(By Rich Bieglmeier) Last week was surprising to iStock. When stocks got crushed on the bad, 69k jobs number, the markets took a hit because of real, hard news. However, all last week's gains came on the back of hopes and rumors of more Wall Street welfare i.e. free digital dollars and euros.
However, Ben Bernanke and his Beige Book put some water on the QE3 embers with reports of an economy supposedly improving in April and May. The up-tick means the Fed will not ease until the economy really starts sucking wind. That might not be too long if you think about China's interest rate cut. The rate reduction is an admission that the Chinese economy is slowing faster than anticipated.
The US can't possibly decouple from a recession in Europe and China.
Additionally, Spain came begging for $120 billion after Friday's market close. On the weekend, their political leadership warned the citizens of tougher times ahead. Investors might wish to pay heed to the warnings, remember Greece!
While last week's rally turned out to be one of the strongest weeks of 2012, it did little to improve the technical state of the indexes. In fact, as the market went higher and higher, volume withered and withered. That's just not a sign of confidence or commitment; rather, it is a sleight of hand; watch these shiny gains, but don't pay attention to their sandy foundation.

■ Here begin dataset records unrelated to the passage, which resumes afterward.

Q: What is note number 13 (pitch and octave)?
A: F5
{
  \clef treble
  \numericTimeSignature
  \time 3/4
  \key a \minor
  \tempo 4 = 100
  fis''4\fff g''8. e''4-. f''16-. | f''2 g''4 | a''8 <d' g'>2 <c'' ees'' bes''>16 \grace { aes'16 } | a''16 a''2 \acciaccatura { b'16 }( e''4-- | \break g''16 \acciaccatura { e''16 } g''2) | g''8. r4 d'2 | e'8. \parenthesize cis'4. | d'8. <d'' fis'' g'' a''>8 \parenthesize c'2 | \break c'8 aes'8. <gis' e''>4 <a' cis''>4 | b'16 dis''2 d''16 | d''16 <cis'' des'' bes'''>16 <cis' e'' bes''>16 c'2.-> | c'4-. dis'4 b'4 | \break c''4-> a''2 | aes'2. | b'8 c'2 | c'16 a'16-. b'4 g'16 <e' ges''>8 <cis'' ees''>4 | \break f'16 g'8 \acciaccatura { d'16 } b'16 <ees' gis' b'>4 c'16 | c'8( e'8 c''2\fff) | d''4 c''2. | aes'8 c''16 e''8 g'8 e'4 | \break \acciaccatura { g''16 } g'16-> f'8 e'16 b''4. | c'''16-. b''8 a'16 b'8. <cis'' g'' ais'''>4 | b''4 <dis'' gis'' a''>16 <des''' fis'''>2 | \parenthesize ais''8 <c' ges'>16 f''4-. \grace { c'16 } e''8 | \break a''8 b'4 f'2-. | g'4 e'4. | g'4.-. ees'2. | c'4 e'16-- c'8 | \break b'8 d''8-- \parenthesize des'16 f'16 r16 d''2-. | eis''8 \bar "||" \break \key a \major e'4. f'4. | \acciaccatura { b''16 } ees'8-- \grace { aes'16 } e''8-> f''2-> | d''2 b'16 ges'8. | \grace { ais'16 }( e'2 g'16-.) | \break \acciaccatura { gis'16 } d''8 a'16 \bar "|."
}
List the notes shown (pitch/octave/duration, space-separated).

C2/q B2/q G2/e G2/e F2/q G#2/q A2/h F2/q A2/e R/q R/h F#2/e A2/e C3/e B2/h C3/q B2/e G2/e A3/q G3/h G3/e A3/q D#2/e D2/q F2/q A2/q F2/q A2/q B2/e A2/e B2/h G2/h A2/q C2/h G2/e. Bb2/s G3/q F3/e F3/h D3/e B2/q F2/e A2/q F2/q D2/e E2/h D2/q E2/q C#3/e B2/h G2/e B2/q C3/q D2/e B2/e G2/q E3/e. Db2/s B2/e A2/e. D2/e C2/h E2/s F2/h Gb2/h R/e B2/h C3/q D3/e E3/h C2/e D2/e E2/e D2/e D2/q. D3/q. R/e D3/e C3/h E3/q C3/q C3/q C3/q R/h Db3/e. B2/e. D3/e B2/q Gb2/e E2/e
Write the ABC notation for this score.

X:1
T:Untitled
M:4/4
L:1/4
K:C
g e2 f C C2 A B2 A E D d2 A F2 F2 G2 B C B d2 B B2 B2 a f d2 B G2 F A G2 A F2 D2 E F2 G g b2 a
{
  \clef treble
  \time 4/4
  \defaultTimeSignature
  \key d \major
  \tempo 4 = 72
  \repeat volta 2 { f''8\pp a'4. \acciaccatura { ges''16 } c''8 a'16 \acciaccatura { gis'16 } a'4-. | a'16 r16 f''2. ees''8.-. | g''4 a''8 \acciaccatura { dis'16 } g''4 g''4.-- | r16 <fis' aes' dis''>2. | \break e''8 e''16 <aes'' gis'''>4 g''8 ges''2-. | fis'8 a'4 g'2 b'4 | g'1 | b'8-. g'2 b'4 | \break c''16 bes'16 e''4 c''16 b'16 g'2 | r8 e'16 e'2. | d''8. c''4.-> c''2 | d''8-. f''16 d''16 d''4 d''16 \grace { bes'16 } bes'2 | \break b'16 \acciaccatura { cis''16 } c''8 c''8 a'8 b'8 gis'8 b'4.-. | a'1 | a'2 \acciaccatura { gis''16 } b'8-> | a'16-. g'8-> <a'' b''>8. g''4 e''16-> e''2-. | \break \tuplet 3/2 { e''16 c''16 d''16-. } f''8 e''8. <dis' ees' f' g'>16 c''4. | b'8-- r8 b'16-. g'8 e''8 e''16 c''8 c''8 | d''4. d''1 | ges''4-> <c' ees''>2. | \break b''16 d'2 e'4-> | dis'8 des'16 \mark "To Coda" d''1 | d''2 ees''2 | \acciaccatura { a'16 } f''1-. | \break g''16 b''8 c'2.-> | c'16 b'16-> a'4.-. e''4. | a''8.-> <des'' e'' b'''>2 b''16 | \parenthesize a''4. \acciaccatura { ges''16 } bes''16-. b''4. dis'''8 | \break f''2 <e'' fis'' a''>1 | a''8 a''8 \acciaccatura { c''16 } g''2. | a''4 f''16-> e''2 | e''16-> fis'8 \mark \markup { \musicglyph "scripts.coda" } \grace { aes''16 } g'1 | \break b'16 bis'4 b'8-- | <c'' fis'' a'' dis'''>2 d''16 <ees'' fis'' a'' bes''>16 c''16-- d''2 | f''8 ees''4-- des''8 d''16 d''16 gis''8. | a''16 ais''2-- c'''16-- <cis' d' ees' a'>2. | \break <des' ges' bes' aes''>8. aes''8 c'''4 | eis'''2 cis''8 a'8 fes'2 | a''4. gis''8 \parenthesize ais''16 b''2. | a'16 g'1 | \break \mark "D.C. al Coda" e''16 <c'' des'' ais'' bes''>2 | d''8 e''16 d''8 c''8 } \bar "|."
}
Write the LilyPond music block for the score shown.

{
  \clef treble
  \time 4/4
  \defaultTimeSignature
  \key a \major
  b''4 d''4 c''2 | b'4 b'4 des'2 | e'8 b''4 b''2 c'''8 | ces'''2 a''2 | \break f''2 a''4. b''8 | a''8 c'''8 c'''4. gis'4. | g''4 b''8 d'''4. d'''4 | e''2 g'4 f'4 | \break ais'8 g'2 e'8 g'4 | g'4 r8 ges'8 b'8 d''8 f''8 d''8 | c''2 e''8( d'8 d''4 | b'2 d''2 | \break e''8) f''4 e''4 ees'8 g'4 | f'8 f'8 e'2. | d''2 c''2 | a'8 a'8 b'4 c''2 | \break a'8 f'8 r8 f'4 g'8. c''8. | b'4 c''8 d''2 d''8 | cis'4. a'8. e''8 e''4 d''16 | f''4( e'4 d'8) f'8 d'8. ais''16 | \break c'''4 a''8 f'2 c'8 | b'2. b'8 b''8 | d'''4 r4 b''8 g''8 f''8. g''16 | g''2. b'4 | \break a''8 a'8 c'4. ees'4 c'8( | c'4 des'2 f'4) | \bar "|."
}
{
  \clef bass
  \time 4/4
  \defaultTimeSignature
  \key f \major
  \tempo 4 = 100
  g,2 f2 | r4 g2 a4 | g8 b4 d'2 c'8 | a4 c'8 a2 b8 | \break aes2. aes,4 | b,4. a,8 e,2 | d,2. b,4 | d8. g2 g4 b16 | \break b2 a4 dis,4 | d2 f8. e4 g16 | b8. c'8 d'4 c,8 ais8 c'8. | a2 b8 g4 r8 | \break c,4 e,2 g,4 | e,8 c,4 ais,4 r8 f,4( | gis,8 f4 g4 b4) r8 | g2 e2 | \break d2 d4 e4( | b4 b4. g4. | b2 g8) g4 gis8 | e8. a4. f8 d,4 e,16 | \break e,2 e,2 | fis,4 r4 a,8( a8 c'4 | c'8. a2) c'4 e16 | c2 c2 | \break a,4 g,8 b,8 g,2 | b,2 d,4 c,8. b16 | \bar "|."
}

We would have a little more appreciation if the indexes at least managed to start a new trend by topping May's highs, but that didn't happen either. What did happen, however, is that the NASDAQ, Dow and S&P all closed up on their 26-day averages, which is not uncommon in a counter rally within a longer-term down-trend.

That's not to say stocks won't go higher this week, too. Like last week, the indexes could move higher, maybe to the respective 50-day averages. This is especially true if the Street believes the world is on the path to saving Spain, at least for now.
However, the volume picture tells iStock the current rally will be more like generic batteries than ENERGIZERs. You can't tell the difference at first, but the real thing is far more durable, doesn't disappoint, and costs less money in the long run.